Before we really begin, how does the Electoral College work? Every four years, on the Tuesday following the first Monday of November, something happens that determines who leads out nation. Presidential elections! Americans from all over the nation will cast their vote for who they think should be the next President of the United States, but the President may not necessarily be the winner of the Popular vote. The Electoral college is the group who really decides who our new leader will be. Voters elect electors who will go to Washington to form the Electoral college. Each State gets a number of electors equal to the number of their Representatives in the House plus their Senators in the Senate. On the Monday after the second Wednesday in December, these electors cast their own vote for who the next president will be. Their votes are then sealed and delivered to the current Vice-President who will open and tally them on January 6th. Most electors will cast their vote to reflect the way the majority in their State voted, while some vote based on party. In only a few rare instances has the Popular vote ever varied from the Electoral Vote. It’s also important to note that a candidate must also receive a minimum of 270 electoral votes, and that if no candidate can secure the minimum number of votes, and no clear majority leader is seen, the decision goes to the House of Representatives to figure out.
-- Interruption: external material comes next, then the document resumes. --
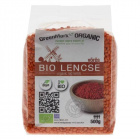 GreenMark bio vörös lencse 500g GreenMark bio vörös lencse 500g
The Electoral College was written into the Constitution with the sole intent to keep the American people from directly electing their next President. On July 19, 1787, Delegate Gerry said, “The people are uninformed, and would be misled by a few designing men.” The Founding Fathers did not believe that the American people were capable of making the correct decision, so elections were set up just like the rest of the new Government. The beauty of the government of the United States is that it is a Representative Democracy, or a system where people elect representatives to make decisions for them. In Congress, every new law is not voted on by the American Public. The elected representatives assembled in the House of Representatives and the Senate vote on bills to become laws. Under this system, candidates who have been selected by the people of the United States cast their electoral votes for who they believe would be the best President. These representatives are a good indication of how the people in their State would vote anyway, as those people were the ones who elected the representatives.
The Electoral College prevents the corrupt bargaining of unscrupulous politicians. Politicians are allowed to trade their Popular votes. If one candidate needed 4% of the vote to win, and a third party had an “extra” 5%, he could simply make a deal saying, “If you make me a member of your cabinet, and let me do the things that I want while I’m there, I’ll give you my part of the vote.” Another benefit is that it also prevents massive voter fraud. Even if the state of California were to have 500,000 extra votes (in an attempt to swing the Popular vote) it would have absolutely no bearing on the outcome of the election. California still only has 55 electoral votes to work with.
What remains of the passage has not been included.